|3rd January 2007, 01:52 AM||#41|
Wizard of Kelts
diyAudio Moderator Emeritus
Re: Crossovers and response deviations
However, I am afraid that you have gone off-track here, from my understanding of your post. What you have seen to have proven is that if two different frequencies are being played, there has to be a much, much greater difference than 12 dB for one frequency to drown out the other.
I agree with this completely. If a mere 12 dB was enough for one frequency to drown out a different frequency, then there would be no use for music sources with a dynamic range greater than 12 db, let alone 60 dB, (phono) or 100 dB (CD). I think we all can agree that we do indeed need music sources with a dynamic range greater than 12 dB-or even 30 dB.
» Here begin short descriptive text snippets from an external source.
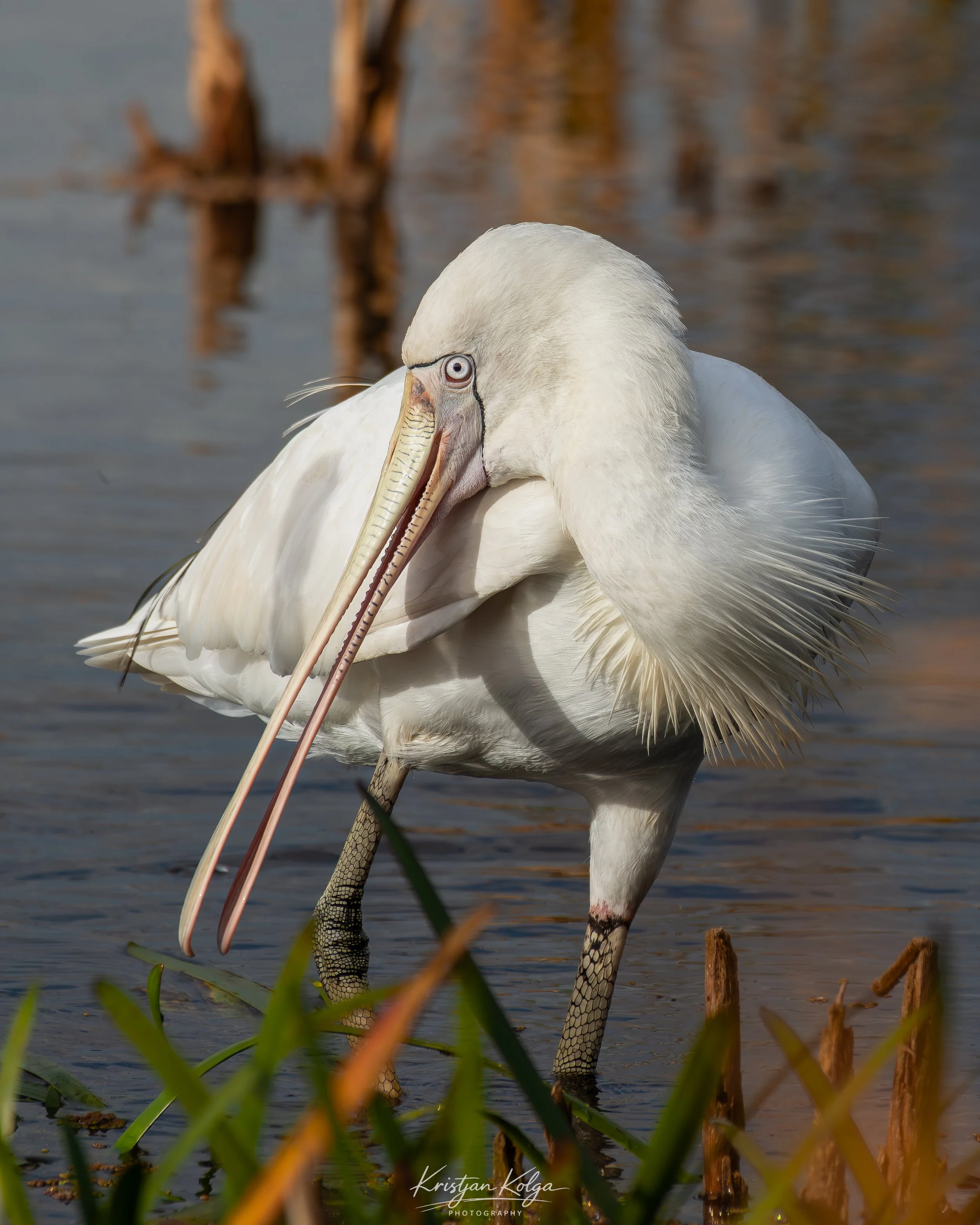 DSC_0076.jpg
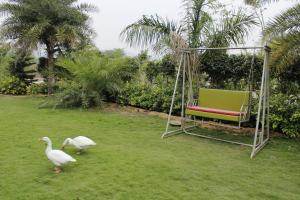 two geese walking in the grass next to a swing at Farm Aavjo in Pushkar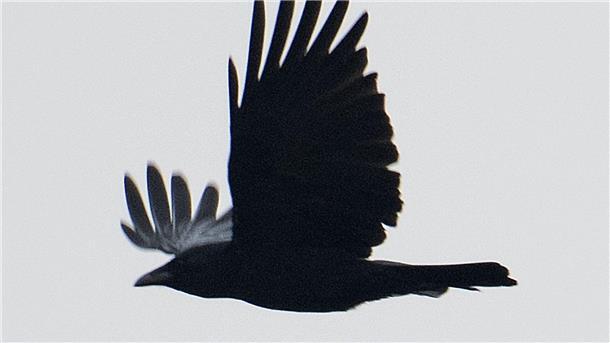 Versuche zeigten, dass Krähen rudimentär zählen können.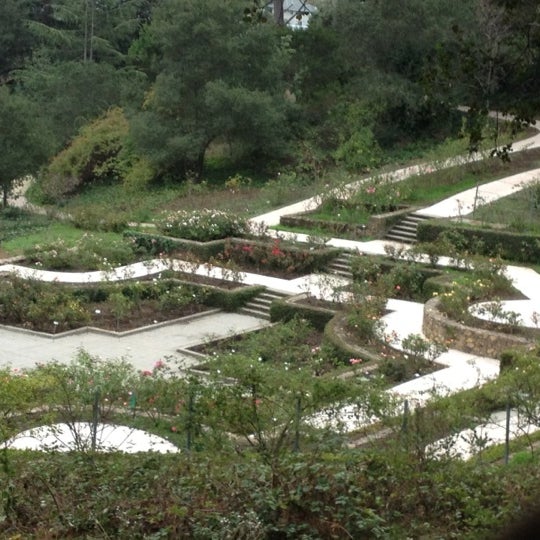 Morcom Rose Garden Garden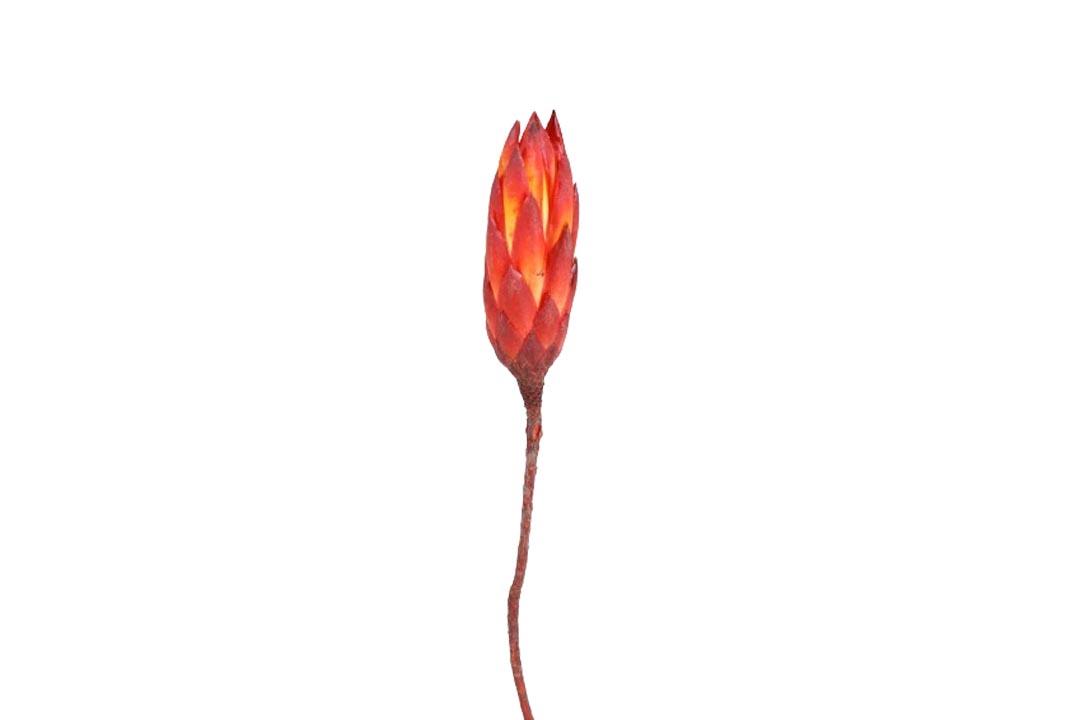 Protea compacta Bud rot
However, we are dealing with the question of not the decibel difference where one frequency drowns out a different frequency, but what decibel difference is required for one source to drown out a second adjacent source playing the same frequency.
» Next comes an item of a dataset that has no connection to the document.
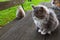 Three furry cats sit on a wooden outdoor table and bench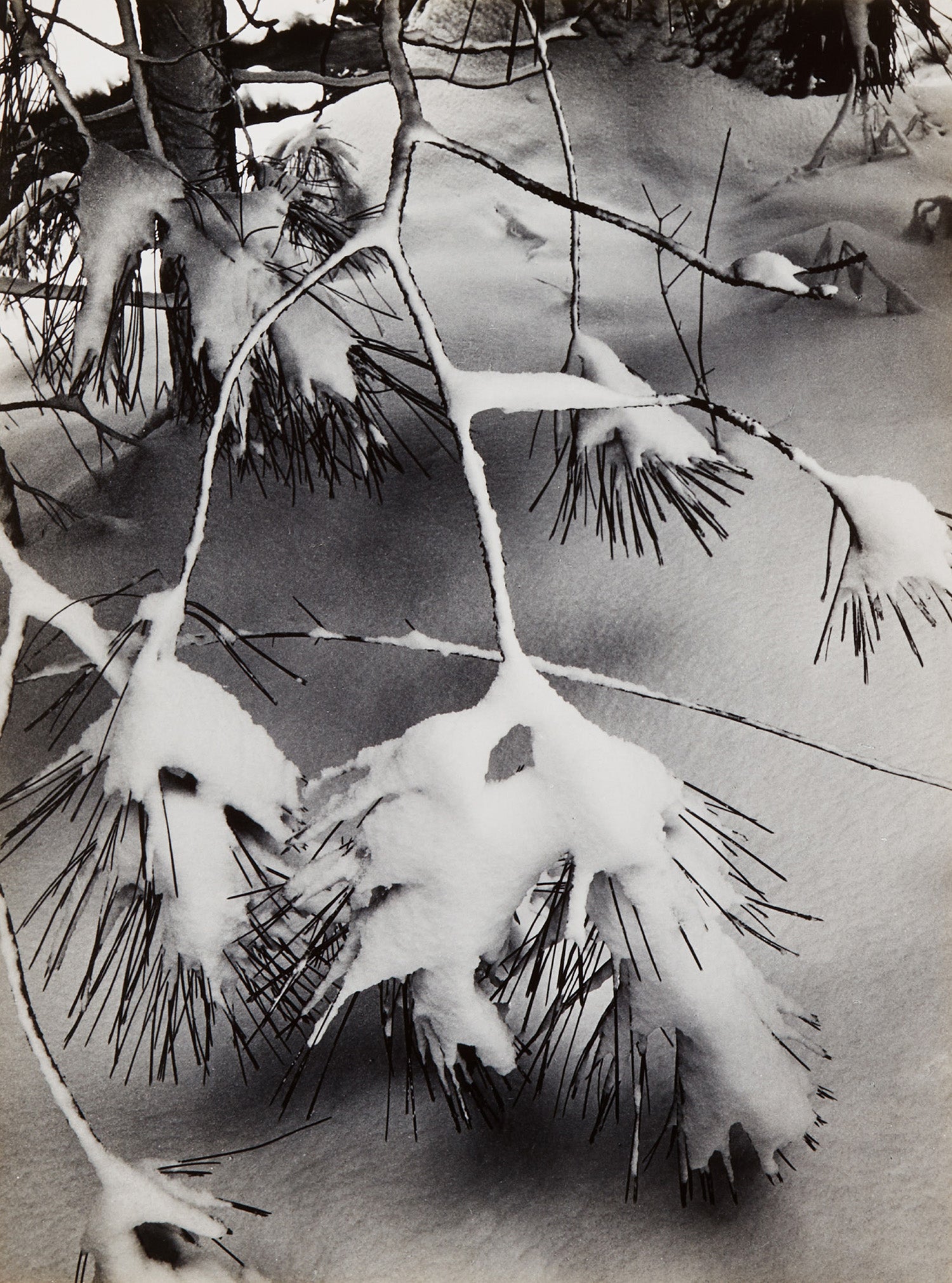 Branches in Snow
Both the woofer and the tweeter are playing the same frequency, or combination of frequencies, throughout the crossover region. It is just at various points throughout the crossover region, each are playing them at different decibel levels from the other, (except at the crossover frequency, when both are playing equally). For this reason, I fail to see why the point where one frequency is at such a decibel level that it drowns out a different frequency is relevant to this crossover issue. What is relevant is the decibel difference where one source drowns out a second adjacent source playing the same frequency.
For that purpose, I would propose using the decibel difference where one cannot tell when the softer source is switched on or off.
"A friend will help you move. A really good friend will help you move a body."